What you should do
Find "Pomello in legno" in the entries below; copy that line through the last, exactly, with no pictures.

** Opening Records supplied block **

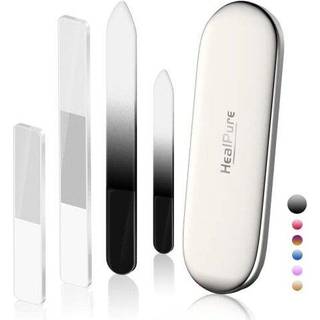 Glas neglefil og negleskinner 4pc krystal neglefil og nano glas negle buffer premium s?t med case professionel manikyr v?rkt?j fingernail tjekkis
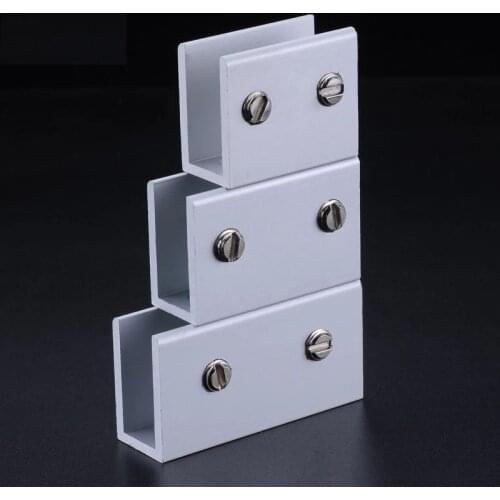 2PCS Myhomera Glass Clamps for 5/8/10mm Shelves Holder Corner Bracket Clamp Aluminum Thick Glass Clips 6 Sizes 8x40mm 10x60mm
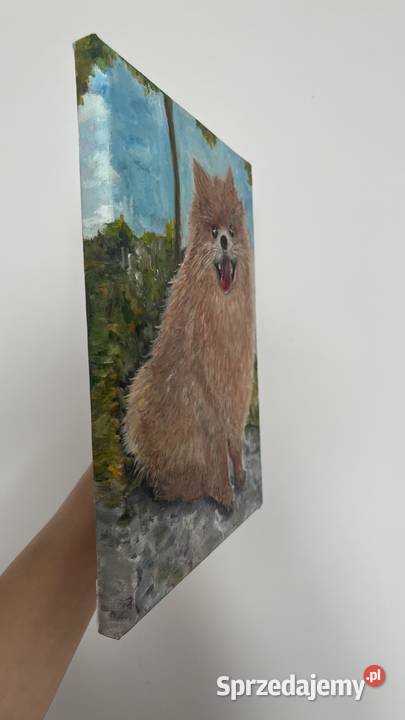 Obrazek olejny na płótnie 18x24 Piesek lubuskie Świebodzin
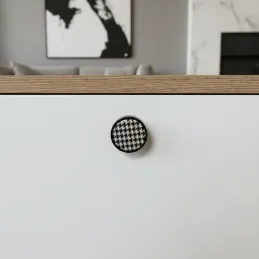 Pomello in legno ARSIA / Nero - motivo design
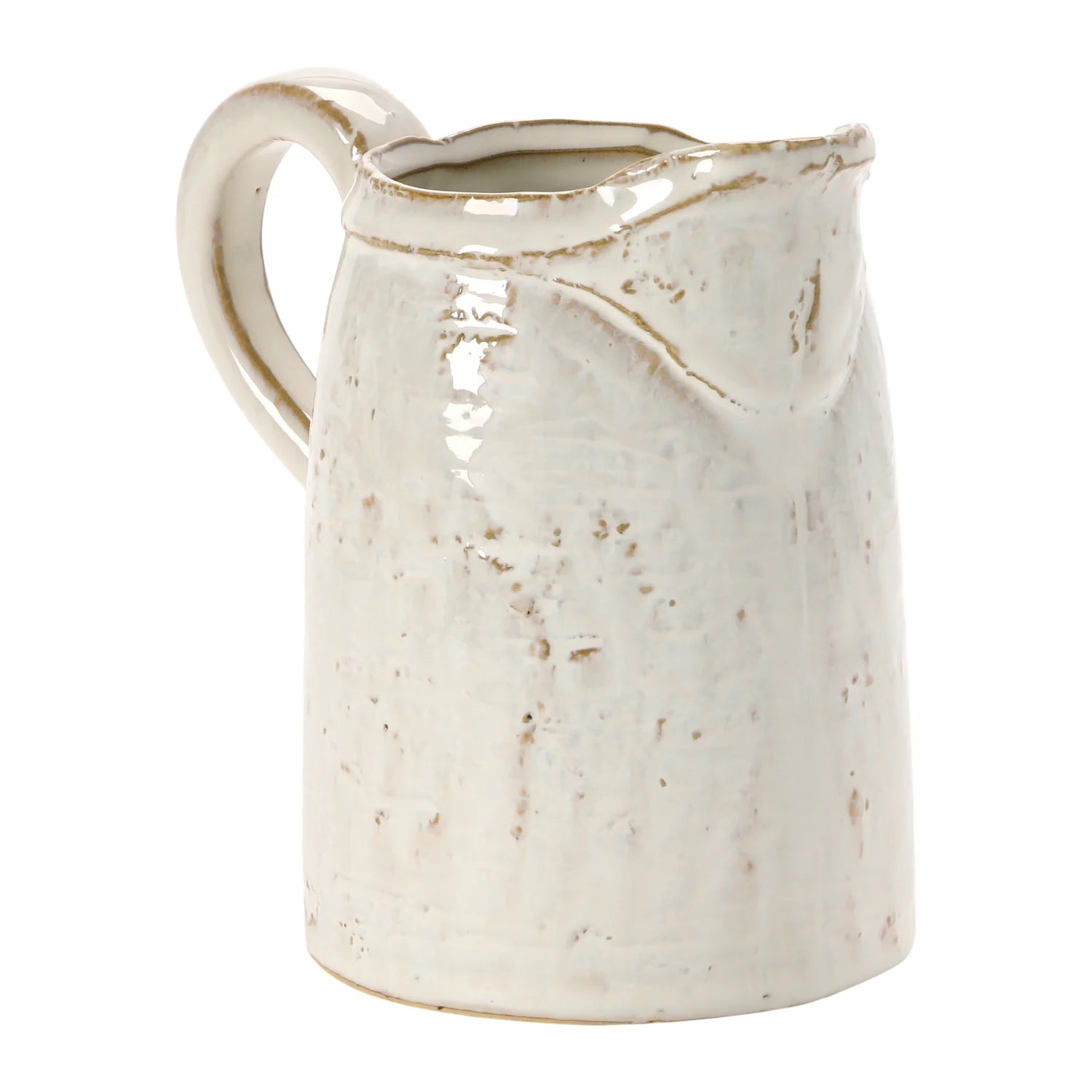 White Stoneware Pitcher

** Closing Records supplied block **

Exercise response
 Pomello in legno ARSIA / Nero - motivo design
 White Stoneware Pitcher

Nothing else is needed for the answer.